When Google Cloud announced they would waive egress fees for customers who wished to exit their cloud, it looked like either a helpful update for customers, a PR stunt, a way to get ahead of emerging EU data rules, or all three, depending on your point of view. Now that AWS has followed suit, it seems inevitable that Microsoft will follow in short order. This will be welcome news for many customers who now have greater flexibility in their choice of cloud provider with one less lock-in fee to deal with. Overwhelmingly, customers are looking for transparency and predictability when it comes to the cost of cloud services.
It’s worth pointing out that data egress fees are just one form of data transfer, one of the most notorious hidden costs in the cloud. Part of the challenge is that egress data transfer fees are a charge for network traffic, and until users are actively using data they are difficult to predict. Charges can also be levied for moving data from one zone to another, one region to another, or even from one application to another without ever leaving the cloud provider’s network.

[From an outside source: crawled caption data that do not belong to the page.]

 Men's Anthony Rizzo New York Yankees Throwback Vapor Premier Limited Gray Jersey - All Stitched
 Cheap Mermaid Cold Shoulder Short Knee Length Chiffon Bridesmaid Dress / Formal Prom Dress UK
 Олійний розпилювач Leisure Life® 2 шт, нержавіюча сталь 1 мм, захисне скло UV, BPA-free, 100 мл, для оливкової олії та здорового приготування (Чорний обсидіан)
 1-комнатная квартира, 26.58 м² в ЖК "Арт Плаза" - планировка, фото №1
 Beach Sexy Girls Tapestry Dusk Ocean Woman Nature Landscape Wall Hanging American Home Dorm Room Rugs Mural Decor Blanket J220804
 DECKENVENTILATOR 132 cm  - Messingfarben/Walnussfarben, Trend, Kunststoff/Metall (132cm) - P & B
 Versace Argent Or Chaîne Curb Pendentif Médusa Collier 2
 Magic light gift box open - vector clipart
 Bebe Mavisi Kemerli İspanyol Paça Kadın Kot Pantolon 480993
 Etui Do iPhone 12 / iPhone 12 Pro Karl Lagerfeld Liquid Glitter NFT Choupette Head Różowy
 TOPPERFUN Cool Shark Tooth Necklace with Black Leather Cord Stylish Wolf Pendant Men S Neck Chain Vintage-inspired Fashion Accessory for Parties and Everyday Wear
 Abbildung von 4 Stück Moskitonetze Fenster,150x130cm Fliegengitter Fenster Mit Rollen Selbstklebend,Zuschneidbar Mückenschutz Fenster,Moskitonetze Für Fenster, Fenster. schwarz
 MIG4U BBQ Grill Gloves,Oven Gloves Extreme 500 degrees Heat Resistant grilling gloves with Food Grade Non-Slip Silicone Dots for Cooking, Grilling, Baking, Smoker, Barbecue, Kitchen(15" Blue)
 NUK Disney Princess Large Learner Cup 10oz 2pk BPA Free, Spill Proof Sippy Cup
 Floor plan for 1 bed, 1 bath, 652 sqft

Most customers overlook these costs until after the fact and can find they mount up quickly – what’s more, companies are often unaware of them until they receive their end-of-month invoice.
With the emergence of AI, challenges around data transfer costs will only multiply. Data sets for model training and tuning are growing exponentially, and the performance demands of AI applications mean data needs to be closely coupled with compute. As a result, organizations building AI applications find they have high data transfer requirements as they move data between performance and capacity storage tiers, with each step potentially incurring another data transfer fee. However, because basic data transfer costs lack transparency, customers are often surprised when data transfer shows up as a major cost driver on their cloud bill. The high cost associated with actually moving data out of a cloud environment further erodes trust in the intentions of the cloud provider. It’s no wonder egress costs are often associated with keeping customers “captive” to use a single cloud provider and its associated services.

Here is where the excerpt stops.